Dans cette partie sur l'apport des neurosciences pour la compréhension de la mémoire humaine, nous donnerons quelques indications, si minimes soient-elles, des principes de fonctionnement du neurone et des interconnexions neuronales. Ces données peuvent effectivement servir de base pour l'évaluation de la vraisemblance neurochimique des modèles psychologiques, et éventuellement, de support et de contrainte dans l'élaboration de nouveaux modèles (Richard, 1990c).
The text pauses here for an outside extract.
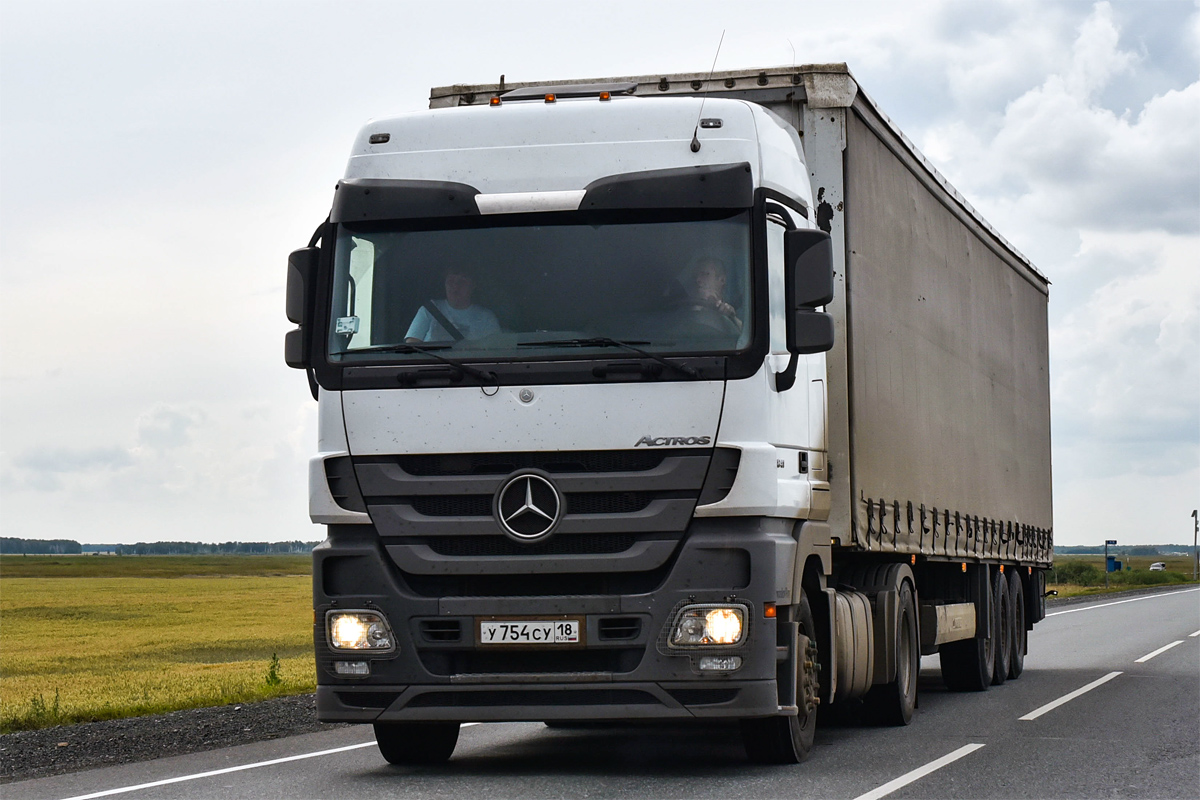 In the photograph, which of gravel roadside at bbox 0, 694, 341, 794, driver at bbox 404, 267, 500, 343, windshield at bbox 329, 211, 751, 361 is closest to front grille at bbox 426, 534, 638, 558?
windshield at bbox 329, 211, 751, 361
Nous décrirons brièvement les troubles de mémoire liés à la destruction de certaines structures cérébrales puis soulignerons l'apport de la neuropsychologie15 dans la compréhension de la mémoire normale, à la fois par l'étude des patients cérébrolésés et par des travaux réalisés sur des sujets normaux.

Notes
15.

La neuropsychologie est à la fois une discipline des neurosciences en ce qu'elle s'intéresse aux rôles des structures cérébrales dans le fonctionnement cognitif (localisations cérébrales des fonctions mentales) et une discipline de la psychologie cognitive, en ce qu'elle applique les modèles de la psychologie à l'étude des patients cérébro-lésés. Une lésion se traduit par la détérioration d'un processus de traitement de l'information (Hécaen, 1972 ; Signoret ; Squire, 1986).